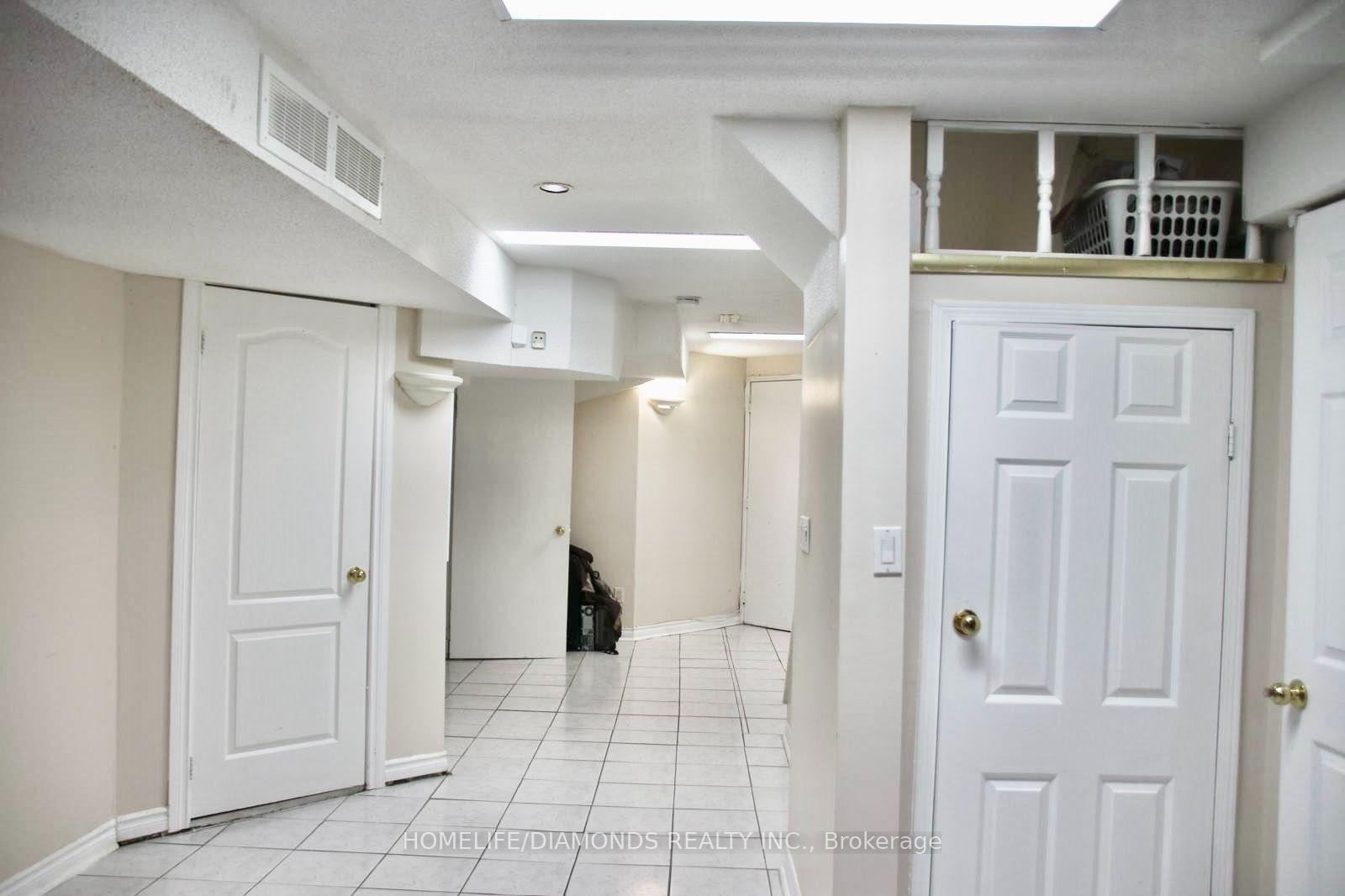 Photo 25 of 186 Fernforest Drive, Brampton, Sandringham-Wellington — HOMEH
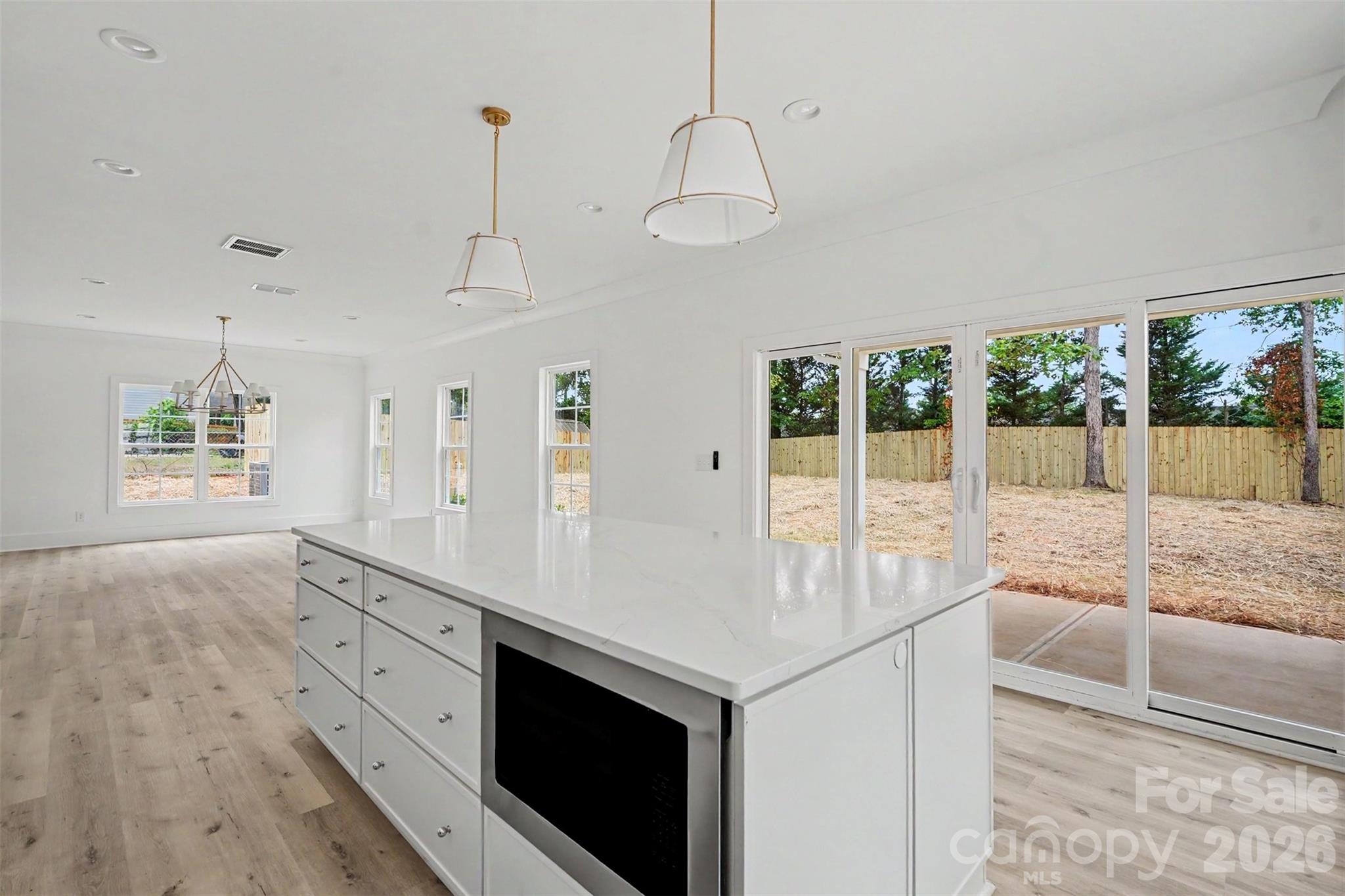 7925 Large Oak Lane Property Photo 10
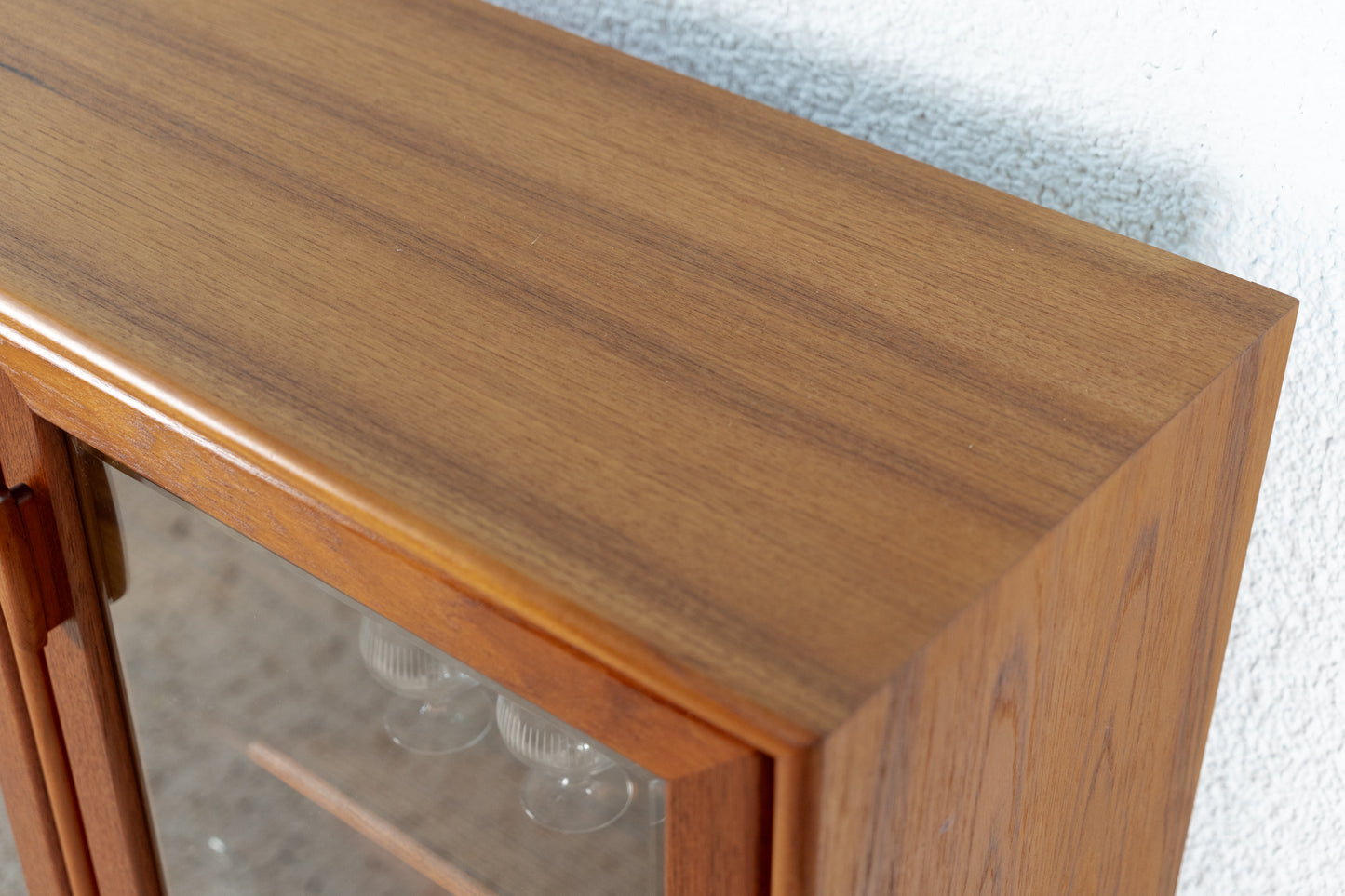 Vintage Vitrine Schrank Kommode Mid Century Holz Teak RT Möbel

• • • • •

Transcribe the preceding listing in its entirety and with exact wording, leaving out pictures.

 Photo 25 of 186 Fernforest Drive, Brampton, Sandringham-Wellington — HOMEH
 7925 Large Oak Lane Property Photo 10
 Vintage Vitrine Schrank Kommode Mid Century Holz Teak RT Möbel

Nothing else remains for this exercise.